Great alternative to banana bread or cake with breakfast or coffee.
9 oz. (250g) zucchini (courgette)
¾ cup (185g) coconut sugar
½ cup (120ml) olive oil
1 tsp. vanilla extract
1 ½ cups (190g) all purpose flour
2 tsp. baking powder
2 tsp. ground cinnamon
½ tsp. salt
¼ tsp. baking soda
WHAT YOU NEED TO DO:
1. Preheat the oven to 350°F (180°C). Line a loaf tin with baking paper.
2. Grate the zucchini, using the large holes of the grater, then set aside.
3. In a large bowl, combine the sugar, oil, eggs, and vanilla extract. Beat vigorously with a whisk until creamy. Now stir in the grated zucchini.
4. In a medium bowl, stir together the flour, baking powder, cinnamon, salt and baking soda.

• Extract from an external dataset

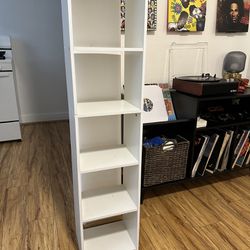 White 5 Shelf Bookcase 12” x 9.5” x 52”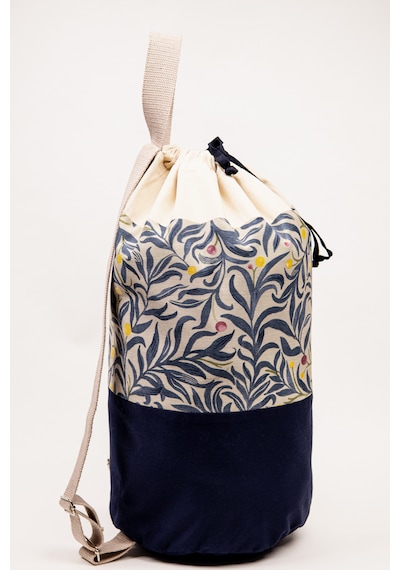 Fabric Craft Bag Sırt Çantası Büyük Boy Unisex Duck Kumaş Günlük Spor Seyahat Çantası Lacivert - Krem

Add the flour mixture to the zucchini and stir until combined. Transfer the batter into the loaf tin.
5. Place the tin in the oven and bake for 35-40 minutes until the bread is firm and a toothpick inserted in the middle comes out clean.
6. Set the tin aside to cool for 10 minutes then remove the loaf from the tin onto a wire cooling rack and cool completely before slicing and serving.